More seniors working into retirement years

At what age should you retire?

ST. PETE BEACH, Florida— It’s 9:00 on St. Pete Beach and the line of customers is practically out the door at Larry’s Ice Cream on Gulf Boulevard.
 
In business for 31 years, the popular ice cream spot has employed generations of high school kids, but there’s one person who’s always here.
 
“People still come in and say are you still making the waffles,” joked owner Dore Herman who admits she could have retired years ago, but instead chose to continue working.
 
“I can’t retire because I love it,” said Herman.   “And I love going to work.”  
 
Dore doesn’t just work part time.  She’s at the shop 7 days a week, 11-12 hours a day and says she wouldn’t have it any other way.
 
“It’s a long day for anyone, but especially if you’re 80 years old,” said Herman.
 
Experts say seniors are continuing to work into their retirement years for a variety of reasons.   Some remain in the workforce out of financial necessity, others to keep their health insurance benefits.
 
But many, like Dore, say coming to work gives them a sense of purpose.
 
“I think that’s given me an extra number of years,” said Herman.  “Seeing people I haven’t seen in years, they come looking for me.”
 
“People who are more socially active, who are more active at work, do better.  They have a lower risk of getting dementia and losing their cognitive function,” said professor of neurology Dr.

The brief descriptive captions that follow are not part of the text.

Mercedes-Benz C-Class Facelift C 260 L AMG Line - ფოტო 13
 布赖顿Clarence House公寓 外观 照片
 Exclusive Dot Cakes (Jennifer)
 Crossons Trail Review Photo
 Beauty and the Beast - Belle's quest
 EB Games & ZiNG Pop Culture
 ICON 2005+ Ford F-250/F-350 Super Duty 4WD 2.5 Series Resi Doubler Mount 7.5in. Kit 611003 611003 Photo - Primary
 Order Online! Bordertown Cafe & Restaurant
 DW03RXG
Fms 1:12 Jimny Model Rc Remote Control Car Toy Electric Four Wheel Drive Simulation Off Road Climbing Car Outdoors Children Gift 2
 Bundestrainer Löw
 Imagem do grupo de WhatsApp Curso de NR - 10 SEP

William Jagust of UC Berkeley.
 
He warns though working into retirement may only be beneficial to seniors who truly LOVE their job.
 
“If work is stressful and you no longer have to do it  I think it would be foolish to keep going just because you think it’s going to make you better somehow,” said Dr. Jagust.
 
As for Dore, she refuses to slow down at all.
 
“I’m hoping I can be here another 31 years.”